The major changes in "educational technology" - from computer lab, to netbook, to tablet - mean that beyond the XO platform, Sugar must adapt and indeed is doing so, through Sugarizer and other initiatives. At the same time, the rapid growth of social media has created new opportunities to communicate about Sugar, opportunities which are not being seized today.

As a SLOB, I will work to grow our community and to raise awareness of Sugar.


Adam Holt

As its 10-year anniversary quickly approaches, Sugar Labs needs to do more than survive as a fragile vessel for One Laptop per Child's many still unmet dreams.

Sugar Labs can now begin standing up conscientiously in new areas, building on real-world deliverables like Sugarizer 0.9 on Internet-in-a-Box (a.k.a. the OLPC School Server Community Edition, http://schoolserver.org) now in use in a very rapidly growing number of countries where the XO laptop never quite took root:

https://www.socallinuxexpo.org/scale/15x/speakers/adam-holt
https://www.socallinuxexpo.org/scale/15x/presentations/internet-box

Google Summer of Code (GSoC) and Google Code-in (GCI) are an amazingly powerful start to bring us together constructing collaboratively + openly + coherently -- but these are not the only revenue/volunteer streams Sugar Labs and the Sugar Movement can bank on during its second decade!

All such strategic progress is beginning to take shape for an entirely new generation of DIY Sugar culture. But it is thanks to an underlying non-chaotic legal and accounting strategy with the Software Freedom Conservancy that all this is possible.

I have worked for 10 years with Sugar Labs (originally as OLPC's Community Support Manager) and then as Sugar Labs' liaison/representative to the Software Freedom Conservancy (SFC) for 2 years now to solidify a foundation here.

Claudia Urrea

I have more 20 years of experience in the field of Education and Technology. I am currently working at the MIT Jameel World Education Lab (J-WEL) as the Associate Director PreK-12. I have helped multiple governments and non-government agencies to empower and support schools and communities of learners to evolve from traditional teaching methods into progressive learning environments.

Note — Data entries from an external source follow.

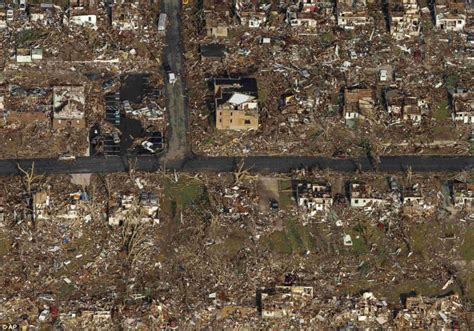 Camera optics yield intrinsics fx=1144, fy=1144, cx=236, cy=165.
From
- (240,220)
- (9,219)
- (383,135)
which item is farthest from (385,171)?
(9,219)

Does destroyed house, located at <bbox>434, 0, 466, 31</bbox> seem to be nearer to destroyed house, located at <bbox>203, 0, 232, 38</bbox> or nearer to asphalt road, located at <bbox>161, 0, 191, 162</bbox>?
destroyed house, located at <bbox>203, 0, 232, 38</bbox>

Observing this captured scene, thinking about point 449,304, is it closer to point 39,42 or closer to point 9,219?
point 9,219

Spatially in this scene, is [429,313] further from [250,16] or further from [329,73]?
[250,16]

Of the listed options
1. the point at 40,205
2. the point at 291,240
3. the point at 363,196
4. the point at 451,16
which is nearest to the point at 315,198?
the point at 363,196

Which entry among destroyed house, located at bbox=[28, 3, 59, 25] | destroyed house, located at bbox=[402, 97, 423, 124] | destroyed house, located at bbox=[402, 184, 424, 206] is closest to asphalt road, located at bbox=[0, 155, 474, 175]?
destroyed house, located at bbox=[402, 184, 424, 206]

I have a degree in Computer Science/Systems Engineering, a Master's degree in Educational Media and Technology from Boston University, and a doctorate degree from the MIT Media Laboratory. During my PhD thesis, I studied the implications of one to one learning in a rural setting in Latin America, which provided the knowledge and experience that I brought to the Interamerican Development Bank as a consultant in the Education Sector, and later, during 5 years I spent with One Laptop Per Child (OLPC) as Director of Learning. My interests include computational thinking and open-free software, personalized and digital learning and assessment, curriculum design, education for developing countries, teacher professional development, educational programming and robotics, maker education, quality learning at scale, among others. 

During the last year at OLPC, I joined the Sugar Labs board, which allowed to develop a number of programs, resources and events in collaboration with Walter Bender and other members of the community. My current position at MIT and my knowledge of both Sugar Labs and the international educational community would allow me to bring new opportunities for Sugar Labs. I have witness the powerful opportunities SugarLabs and the work of the community have brought to a great number of children and young adults from many countries in the world. I would like to work hard to try to bring those to many more. 


References

This election is being run by the Membership and Elections Committee which was appointed in January, along with Dave Crossland as an impartial election oversight party.

An update from the Membership and Elections Committee was received during the Oversight Board meeting of August 4. Also listed were the expiring slots.

During September's meeting the Board confirmed September 27, 2017 as the deadline for new memberships request to participate on 2017-2019 elections.